Première bande dessinée d’un jeune Urbigène, Maxime Schertenleib, le monde des vestiaires et des terrains de football se dévoile sous une plume acérée qui ne botte pas en touche les travers de ce sport.
Maxime Schertenleib dédicace actuellement son premier roman graphique dans des librairies vaudoises. Maxime a pratiqué à un haut niveau, a aimé et quelque part aime encore le football auquel il a pourtant renoncé. Si vous pensez que les comportements toxiques, dérives masculinistes, parfois franchement homophobes, les bizutages et autres injonctions guerrières en forme de culte de la performance que l’on peut rencontrer dans ce sport – comme dans d’autres d’ailleurs –font inexorablement partie du décor, ne vous précipitez pas à la librairie. Si, comme Maxime, vous estimez que la pratique du foot gagnerait à se distancer de ces quelques travers, eh bien découvrez son travail!
Un Urbigène
Né en 1997, l’auteur a réalisé son parcours scolaire à Orbe, puis Yverdon. Diplômé de la HEAD (Haute Ecole d’Art et de Design) de Genève, il vient de compléter sa formation par un master en création et diffusion de BD à Bruxelles. Tombé héréditairement dans la marmite du foot, Maxime a réalisé en parallèle une jolie carrière, passant par le team Vaud des M16, pour avoir ensuite joué en première équipe à Yverdon Sport entre 2016 et 2018. Notre auteur, qui habite maintenant Mathod, est actif comme illustrateur et graphiste indépendant. Vous découvrez ponctuellement ses dessins de presse dans L’Omnibus. Il travaille actuellement à la réalisation d’une BD historique sur Germaine de Staël.
Vert
Le traitement graphique des 117 pages s’appuie sur un dessin rapide, léger et énergique dans le trait, au service de la thématique. Pas d’étape crayonnée, le travail se réalise directement à l’encre. La bichromie nous renverrait à l’écusson vaudois, mais prioritairement le vert omniprésent constitue, nous explique Maxime, un clin d’œil appuyé aux nombreuses pelouses qu’il a foulées et aux couleurs d’Yverdon Sport ! Pari visuel gagné par cette adjonction de fraîcheur sans verdeur. Quelques planches en forme de chemins forestiers séquencent la narration, lieux de passage obligés pour se rendre au terrain et potentielle source d’inquiétude…
Les vrais mecs
Nous y sommes: si ce récit n’est pas un réquisitoire ou un règlement de compte, l’auteur, qui se met en scène, a voulu traiter en mode résilience ces «à côtés» du foot qui n’est pas que beauté du geste technique et franche camaraderie. Maxime nous rappelle que cet univers peut être dur, toxique, machiste, homophobe…

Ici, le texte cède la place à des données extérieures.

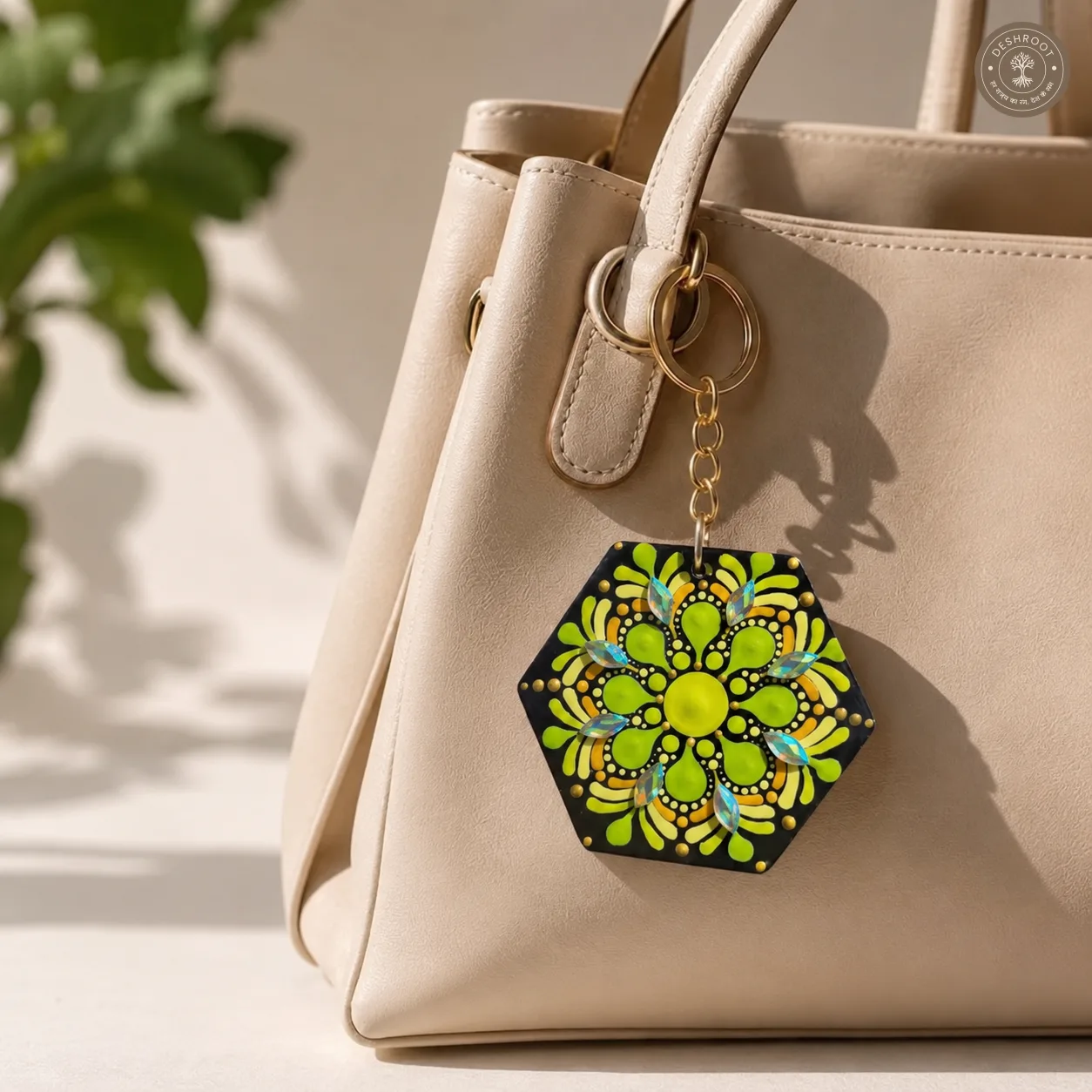 Lime Radiance Hand-Painted Resin Mandala Keychain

C’est l’itinéraire vécu par son double dans le roman, une extinction progressive de la passion cassée par un esprit de compétition qui induit des comportements qui n’ont plus grand-chose à voir avec le sport: «Le foot tel qu’on me le faisait vivre ici m’était étranger», «Où était la joie?» «(…) Je ne parlais pas la même langue que les gens autour de moi: gagner, écraser, sans pitié…», «Alors je me suis tu.» (extraits page 50).
Du ballon à la plume
Et Maxime d’analyser ce qui lui arrivait: «Je n’osais pas parler de mes difficultés à mes copains de foot; la première fois, c’est quand j’ai rejoint un milieu artistique.» A la lecture de ce récit de vie illustré, on sortira convaincu que la BD n’est résolument pas un art mineur, qu’elle permet d’aborder efficacement des sujets de société importants, engageant leur auteur dans un sincère et courageux exercice de lucidité. Pari réussi pour cette analyse illustrée, tout en pédagogie et en finesse.
Arrêt de jeu, journal d’un footballeur mal dans ses pompes, aux éditions la Boîte à Bulles. Disponible en librairie.